> _WHAT THE EXERCISE ASKS_: Repeat the data exactly, please; no pictures belong in the copy.

> _DATASET SECTION_:
_____

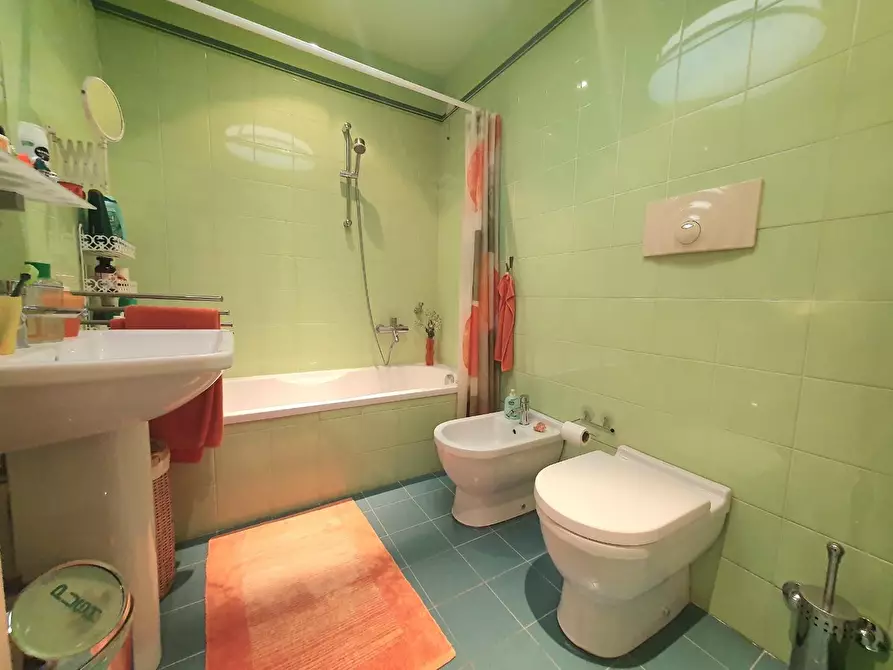 Immagine 25 di Appartamento in vendita  a Lucca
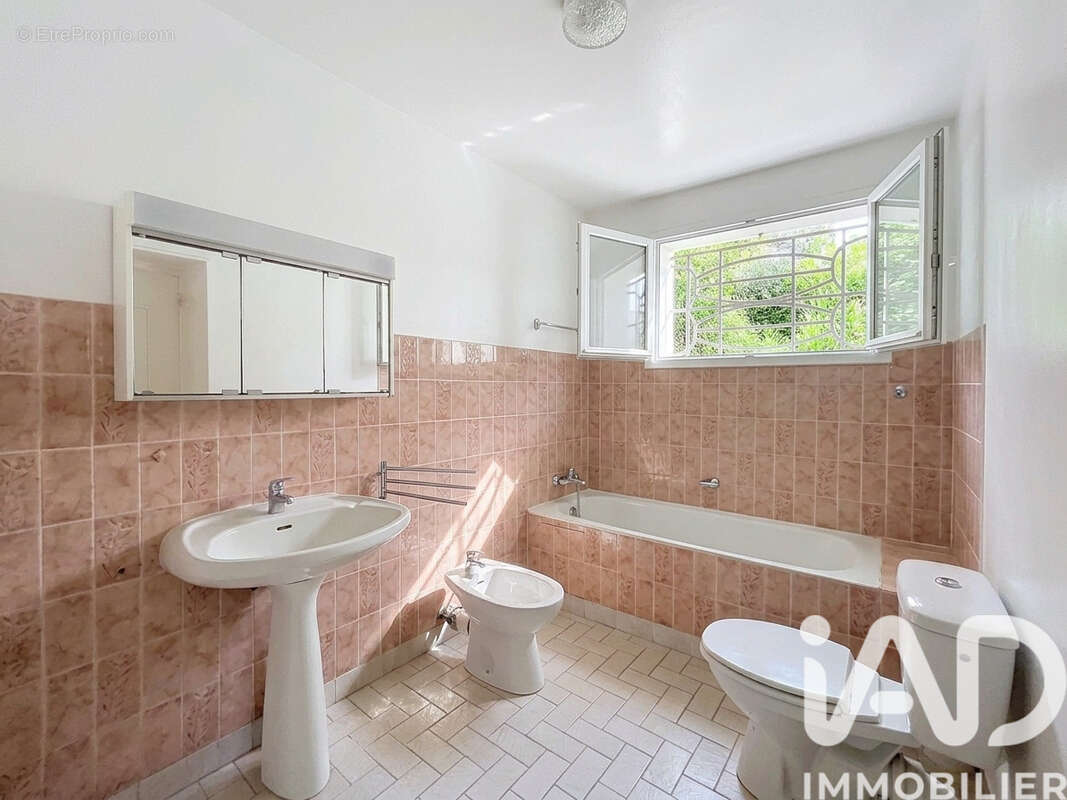 Maison 66 m² à Saint-Sulpice  - photo 7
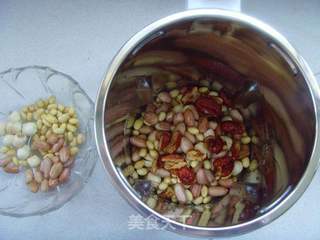 飞利浦免滤豆浆机:营养不过滤,美味不减分---红枣莲子养颜豆浆的做法步骤:2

_____

> _WRITTEN SOLUTION_:
 Immagine 25 di Appartamento in vendita  a Lucca
 Maison 66 m² à Saint-Sulpice  - photo 7
 飞利浦免滤豆浆机:营养不过滤,美味不减分---红枣莲子养颜豆浆的做法步骤:2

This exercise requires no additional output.